Shame in Acts

In recent posts we have been thinking about the place of shame in the life story of Jesus and in his parables. Shame is no less significant in the Book of Acts and the Epistles. This post and those following will provide some examples. We will again listen to expert witnesses as we look at the different passages. Here are some examples from the Acts of the Apostles:

Acts of the Apostles 11, 16 and 18

The book of Acts contains several examples of entire households being saved and baptised (Acts 11:14; 16:15, 34; 18:8). The households of Cornelius, Lydia, the Philippian jailer, and Crispus “probably represent not only the immediate families, but also the servants and other individuals who may have been employed under their authority. … People who live within a social setting that is shame-based are more oriented toward seeing the entire social group come to Christ together or resist the message together.”[1]

“In a shame-based culture it is difficult to act in isolation from others, especially those senior to you. [Acts] seems to recognize this reality. … Entire households [are saved together which minimises] the social dislocation and avoid[s] the charge that one person has brought shame on the rest of the family. … The source of the shame is not so much tied to the propositional content of the Christian message, as it is to the scandalizing notion that someone may be acting independently from the will of the larger group.”[2]

Timothy Tennent comments: “In my experience in India over the years, I have seen several remarkable examples of extended families and other larger social groups coming to Christ together. This tendency should not be viewed, as it sometimes is by outsiders, as an abandonment of the need for individual faith and repentance. Rather, whenever an extended social network comes to Christ, it should be seen as multi-coordinated personal decisions.[3] This means that multiple numbers of people are deciding to follow Christ in a single movement, rather than through dozens of individual decisions isolated from one another.”[4] This seems to me to be somewhat over concerned for Western ideas of individuality. It elevates the place of the individual. It would be entirely possible that the gospel could bring about change at a corporate rather than only an individual level.

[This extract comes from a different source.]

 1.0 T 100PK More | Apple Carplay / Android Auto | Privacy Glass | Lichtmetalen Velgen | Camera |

While we will not dwell on it here, Bruce J. Malina and John J. Pilch have produced a Social-Science Commentary on the Book of Acts which analyses each passage in the light of honour and shame being pivotal values in the New Testament world. Their detailed textual notes point consistently to on-going honour-shame dynamics, and particularly to the social interaction of challenge and riposte.[5] The Context Group[6] of theologians is gradually working through the full text of the scriptures providing commentaries which highlight the honour-shame dynamic.

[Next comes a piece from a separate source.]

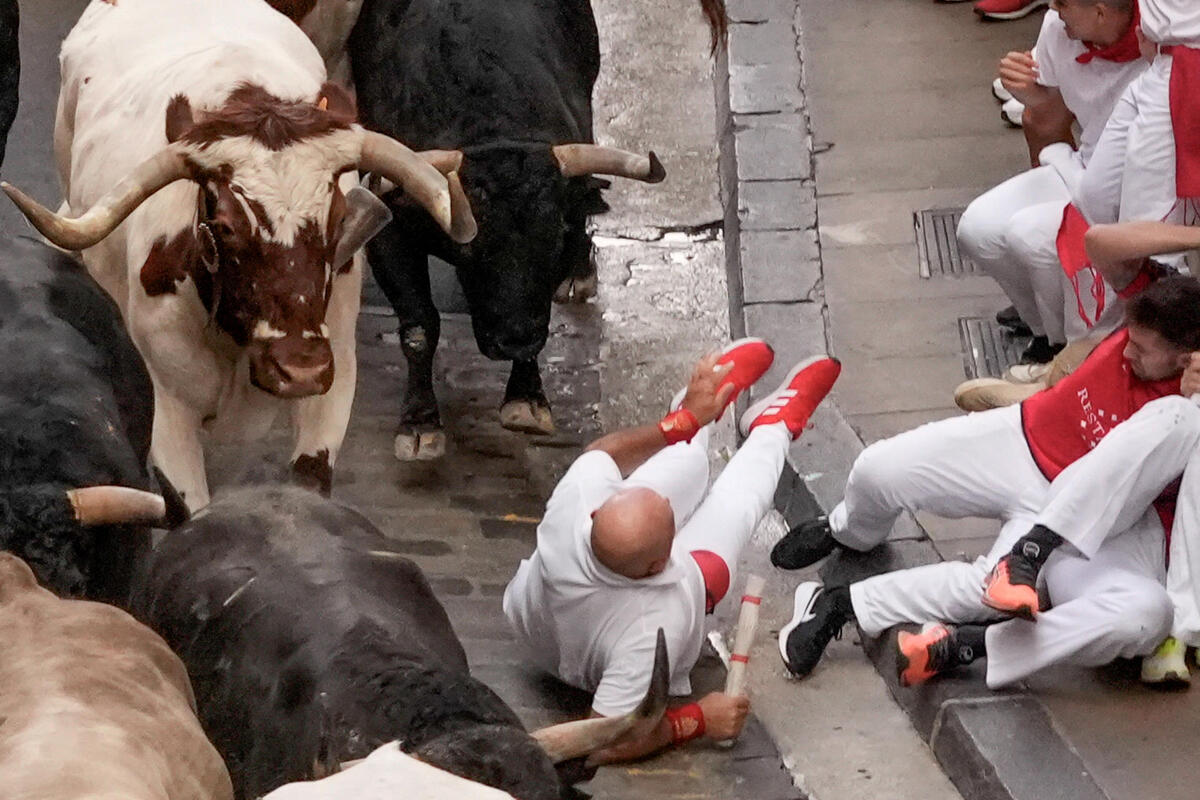 Sexto encierro de San Fermín con la ganadería Jandilla   / EFE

[1] Timothy C. Tennent: “Theology in the Context of World Christianity: How the Global Church is Influencing the Way We Think About and Discuss Theology;” Zondervan, Grand Rapids, Michigan, 2007; p98.

[2] Ibid., p98.

[3] Tennent notes: “This phrase is my own, but missiologist Alan Tippet refers to these extended social conversions as ‘multi-individual decisions’ or ‘multi-personal conversions’”. See Alan Tippet, “People Movements in Southern Polynesia: A Study in Church Growth,” (Chicago: Moody Press, 1971), p123-241.

[4] Tennent, p98-99.

[5] Bruce J. Malina and John J. Pilch; “Social-Science Commentary on the Book of Acts “; Fortress Press, Augsberg Fortress, Minneapolis, 2008.

[6] The Context Group is a group of theologians and anthropologists of whom, Malina, Pilch, Neyrey and Cook, among others, are leading members. They seek to enable a wider audience to engage with the social realities of biblical cultures.